Poland and the FBI have disrupted a group that was stealing cryptocurrencies through SIM swapping.
The Central Cybercrime Bureau of Poland (CBZC), in cooperation with the FBI and the U.S. Homeland Security Investigations (HSI), has conducted a large-scale operation resulting in the detention of four alleged members of an organized criminal group. Their primary tool was SIM swap attacks — a method that allows intercepting control over victims' phone numbers to gain access to their cryptocurrency assets.
The investigation established that the perpetrators operated according to a well-honed scheme. They gained initial access to critical infrastructure not through technical hacking, but via social engineering methods. Using psychological manipulation and specialized software, the criminals obtained confidential data from employees of telecommunications companies. Having gained access to work systems, the group initiated SIM swaps: cloning or intercepting the phone numbers of their targets.
Control over SMS and email opened doors for the fraudsters to cryptocurrency exchanges. They reset passwords, bypassed two-factor authentication, and took over accounts. Stolen assets were quickly funneled through an extensive network, including personal bank accounts in Poland and abroad, payment services, and multi-currency crypto wallets. According to prosecutors, the scale of money laundering amounts to tens of millions of zlotys — equivalent to several million dollars.
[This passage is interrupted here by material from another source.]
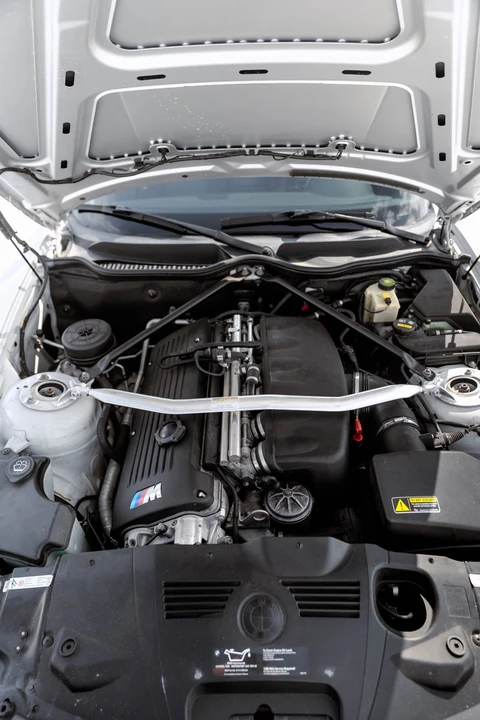 2006 BMW E86 Z4 Coupe - Image 14 of 18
Global Nature of the Threat
This case is not an isolated incident but part of a global problem. The FBI previously estimated damages from SIM swap attacks in the U.S. alone for 2021 at over $68 million. Similar schemes are also being recorded in other jurisdictions. For example, one high-profile case involved the theft of approximately $400 million from the bankrupt FTX exchange in 2022.
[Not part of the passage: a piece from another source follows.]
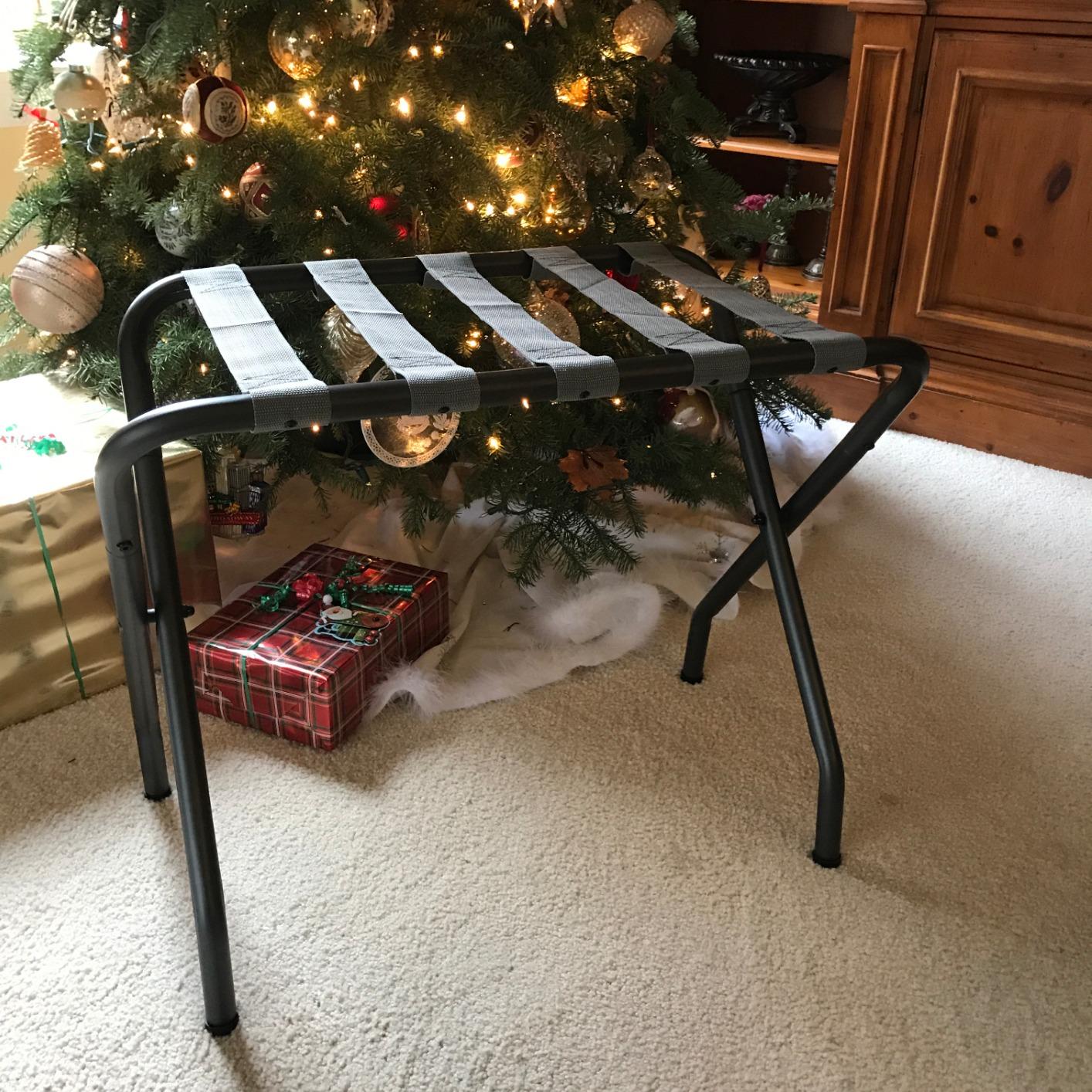 Folding Luggage Rack - HWLEXTRA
The fact that U.S. agencies joined the investigation points to the international nature of the crime. Victims or infrastructure are located outside Poland. Modern crypto crime increasingly requires cross-border law enforcement cooperation, and this case is a clear confirmation of that.
The CBZC has not yet disclosed the names of the detained individuals, citing the ongoing investigation. Unconfirmed data circulates online about a possible connection of one of the accused to the well-known pseudonym Merry, but there is no official confirmation of this information. The case remains open, and new arrests are not ruled out.
Cryptalist Analysis: This case once again highlights the critical vulnerability embedded in the very architecture of mobile communications. As long as telecom operators and crypto services allow account recovery via phone number, SIM swapping will remain one of the most effective and dangerous attack vectors. For investors, this is a signal: relying solely on SMS authentication is no longer acceptable. Using hardware security keys (e.g., YubiKey) or authenticator apps is no longer a recommendation but a strict necessity.